▶ Description of the task
Make a verbatim transcription of the records, without the pictures.

▶ Exercise materials
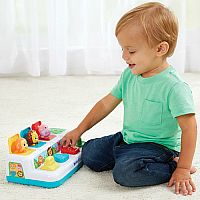 Kidoozie Pop 'N Play Animal Friends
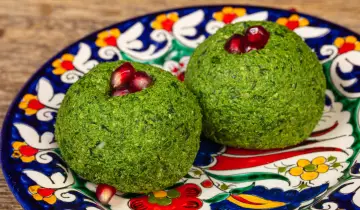 Tranches de légumes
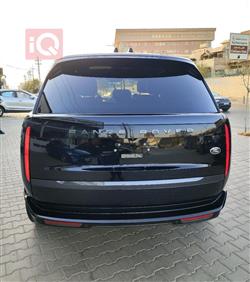 Land Rover Range Rover Vogue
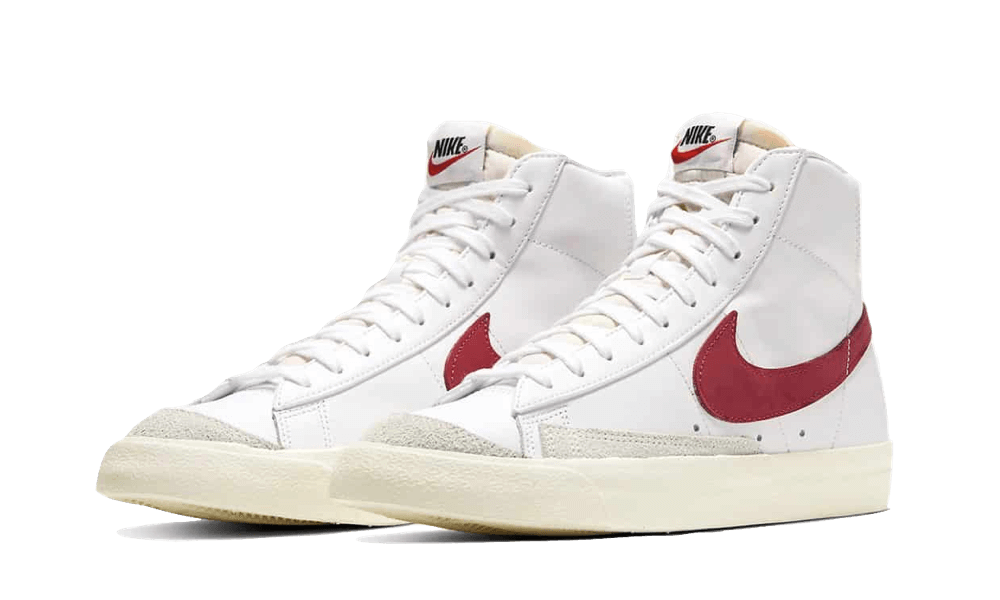 blazer nike red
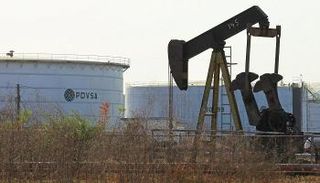 منشأة نفطية في فنزويلا - رويترز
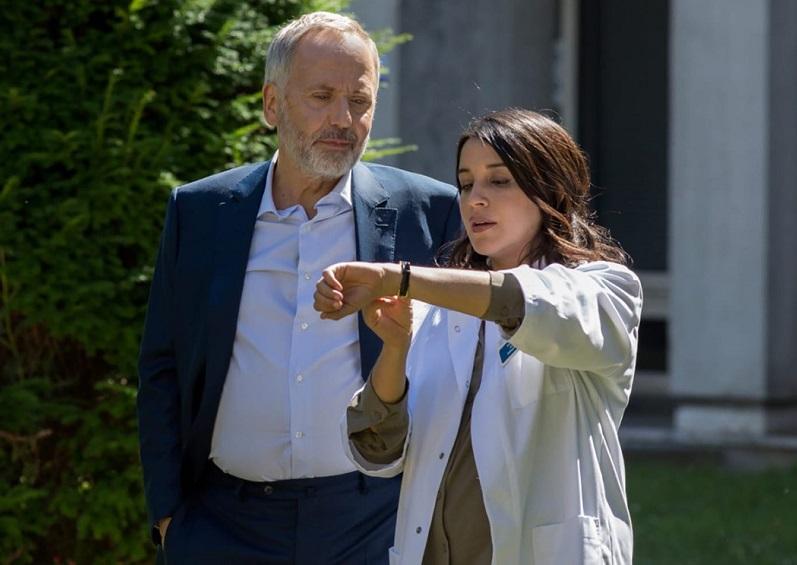 Cena do filme 'sem palavras'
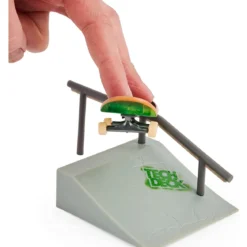 tech deck - assortimento 2 skate + accessorio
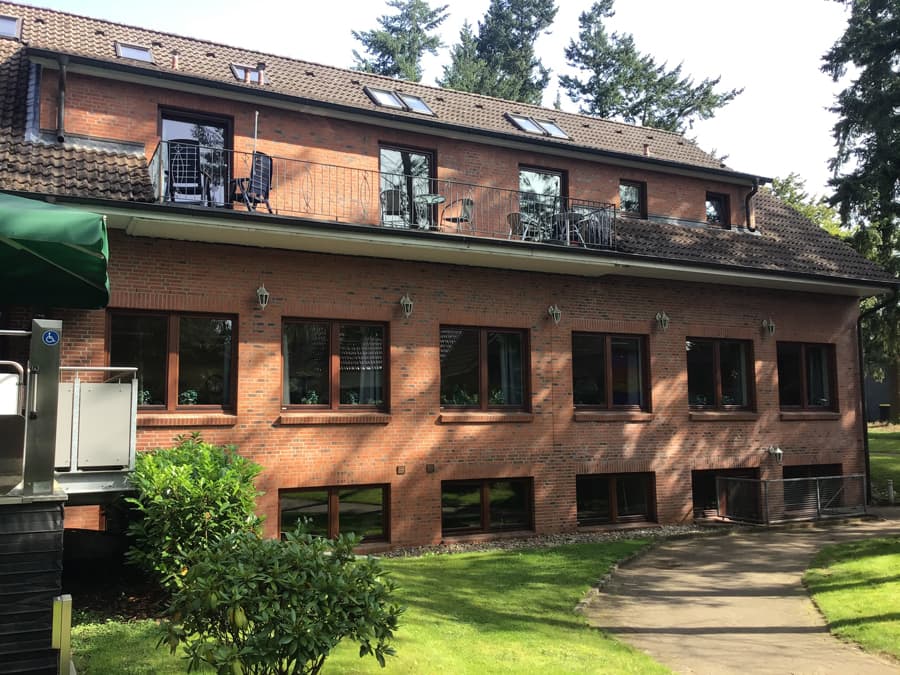 Wohn- und Seniorenzentrum am Sachsenwald GmbH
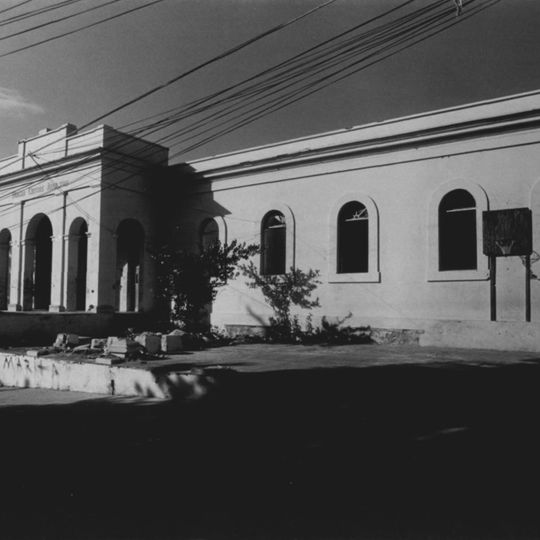 Antiguo Hospital Militar Español de Ponce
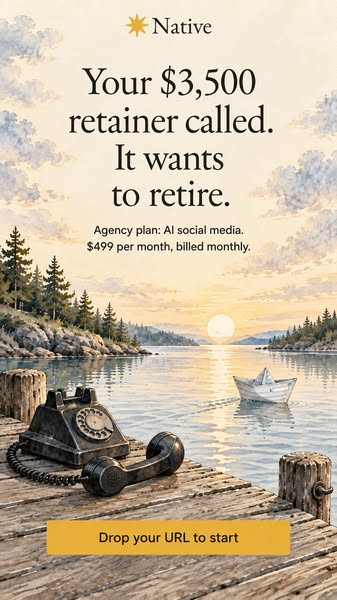 Your $3,500 retainer called. It wants to retire.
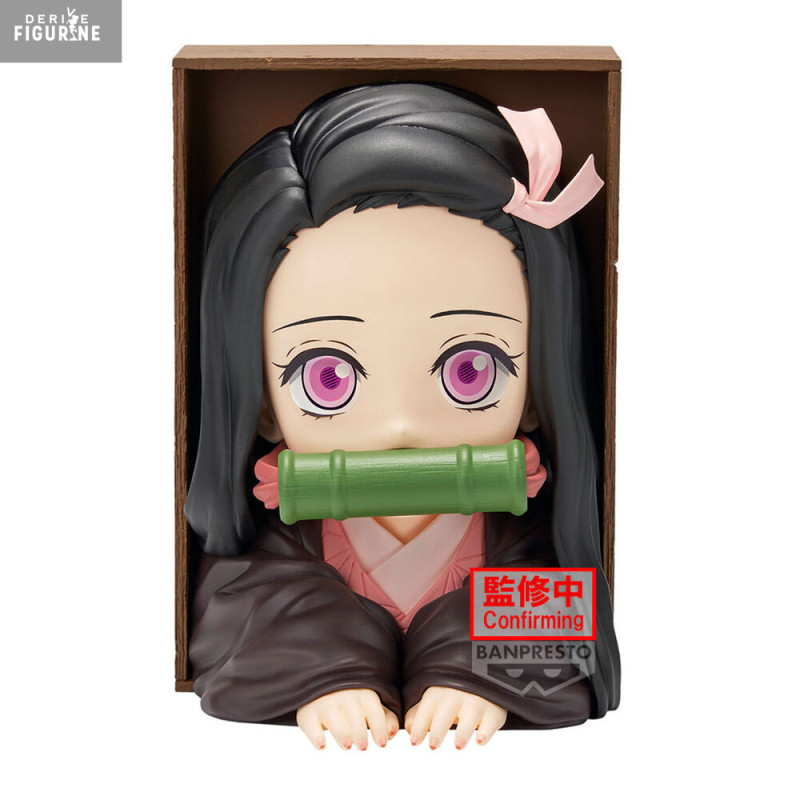 PRE ORDER - Demon Slayer, Kimetsu no Yaiba - Nezuko Kamado figure, Hyokofig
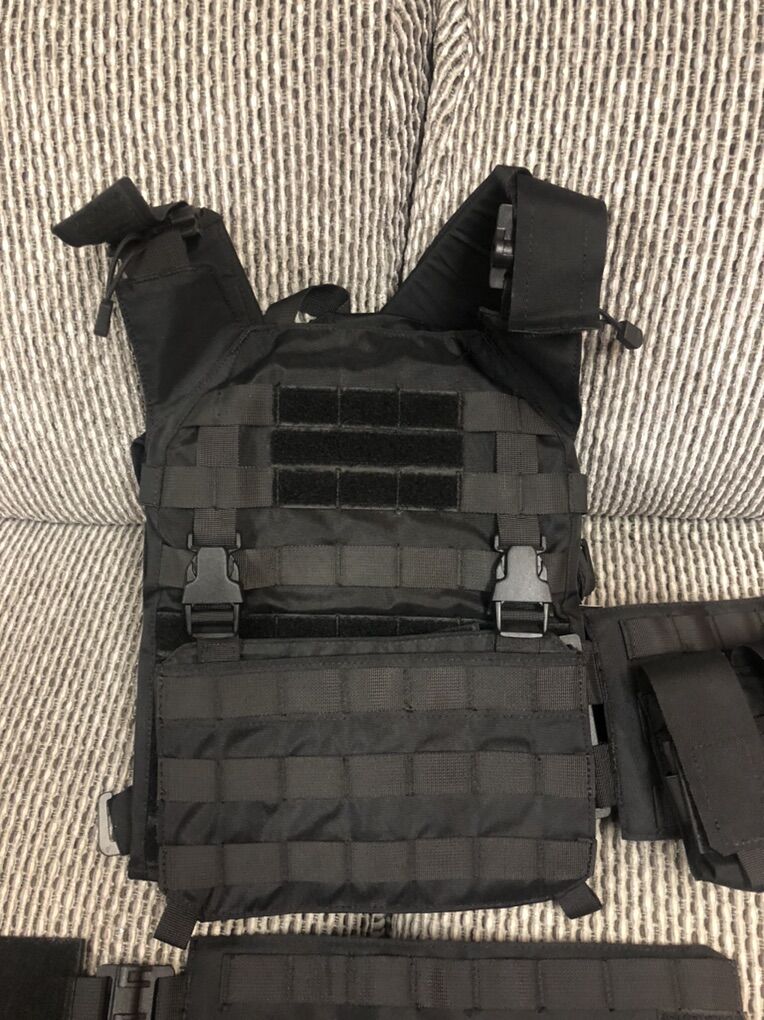 RHINO RESCUE Protective Vest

▶ Answer area
 Kidoozie Pop 'N Play Animal Friends
 Tranches de légumes
 Land Rover Range Rover Vogue
 blazer nike red
 منشأة نفطية في فنزويلا - رويترز
 Cena do filme 'sem palavras'
 tech deck - assortimento 2 skate + accessorio
 Wohn- und Seniorenzentrum am Sachsenwald GmbH
 Antiguo Hospital Militar Español de Ponce
 Your $3,500 retainer called. It wants to retire.
 PRE ORDER - Demon Slayer, Kimetsu no Yaiba - Nezuko Kamado figure, Hyokofig
 RHINO RESCUE Protective Vest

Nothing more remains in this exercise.